### REQUIRED WORK
Copy the data below exactly, omitting any picture it contains.

### DATA BLOCK
»»
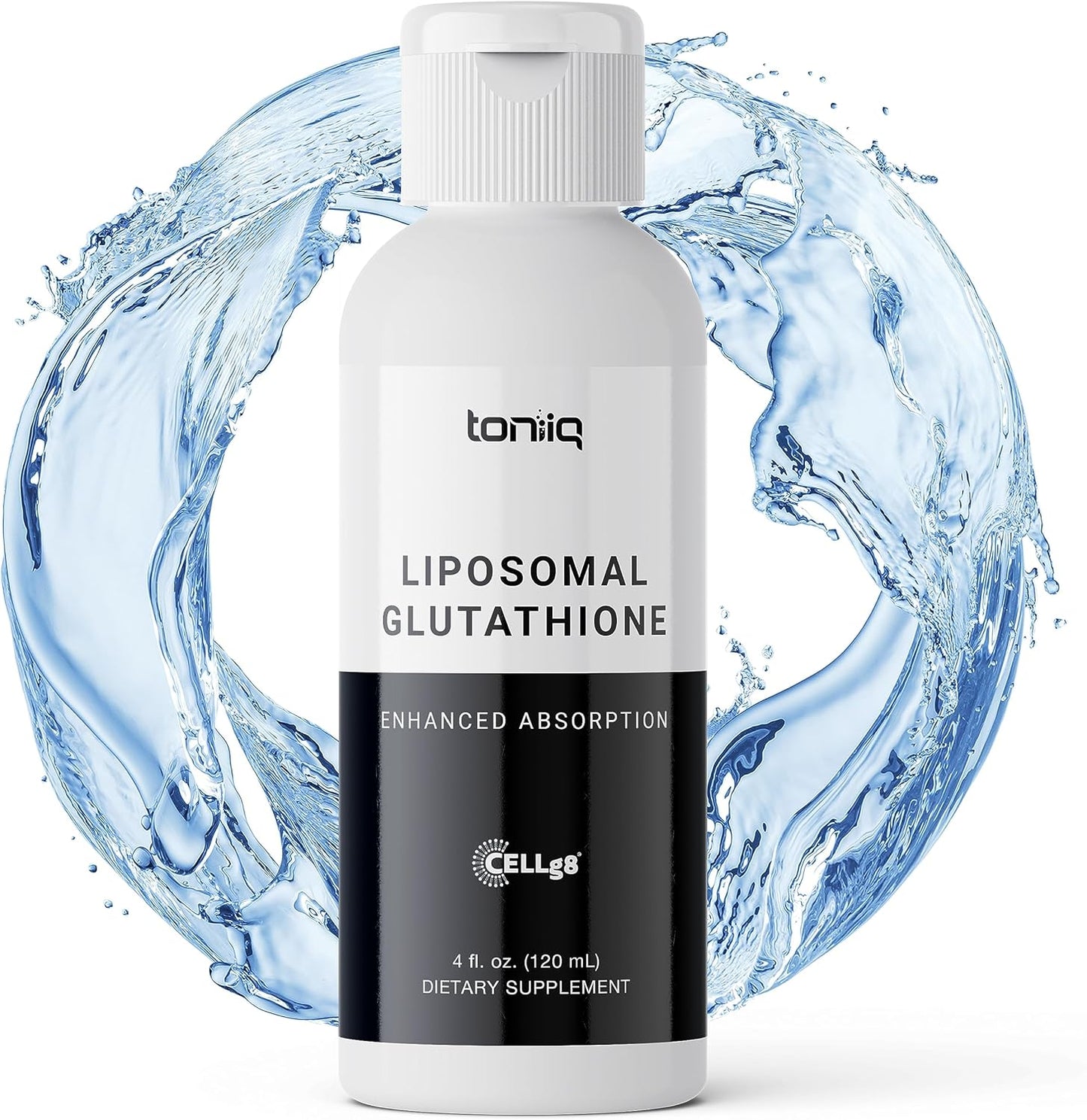 High Strength Wild Berry Flavored Liposomal Glutathione Liquid - 4 fl oz - Lab Tested for Enhanced Absorption - Third-Party Tested for Quality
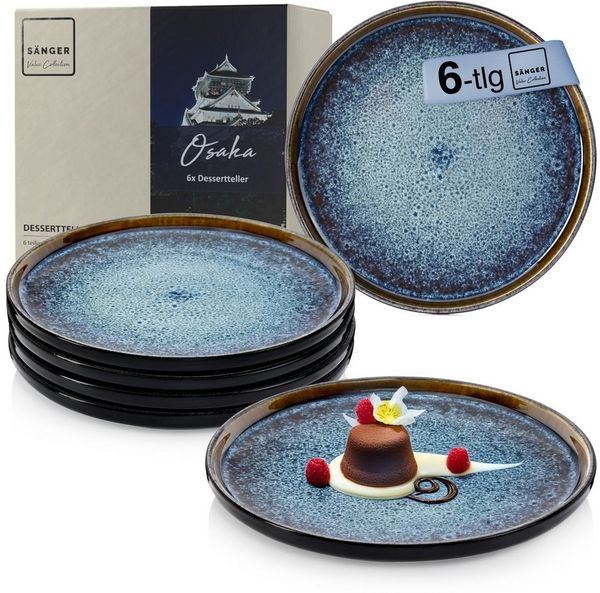 SÄNGER Steingut Dessertteller Osaka 6-teilig Bild 5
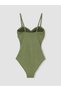 Peak New Season Women's Swimsuit with Heart Collar and Drawstring Detail - 3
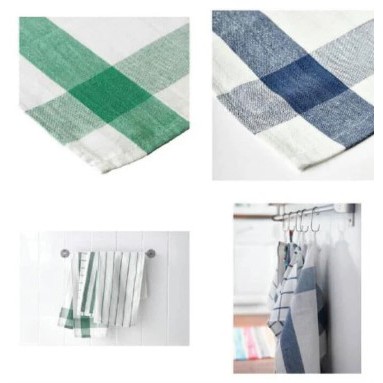 Lap Dapur Serbet Kain IKEA ELLY Isi 4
««
### OUTPUT FOR THIS EXERCISE
 High Strength Wild Berry Flavored Liposomal Glutathione Liquid - 4 fl oz - Lab Tested for Enhanced Absorption - Third-Party Tested for Quality
 SÄNGER Steingut Dessertteller Osaka 6-teilig Bild 5
 Peak New Season Women's Swimsuit with Heart Collar and Drawstring Detail - 3
 Lap Dapur Serbet Kain IKEA ELLY Isi 4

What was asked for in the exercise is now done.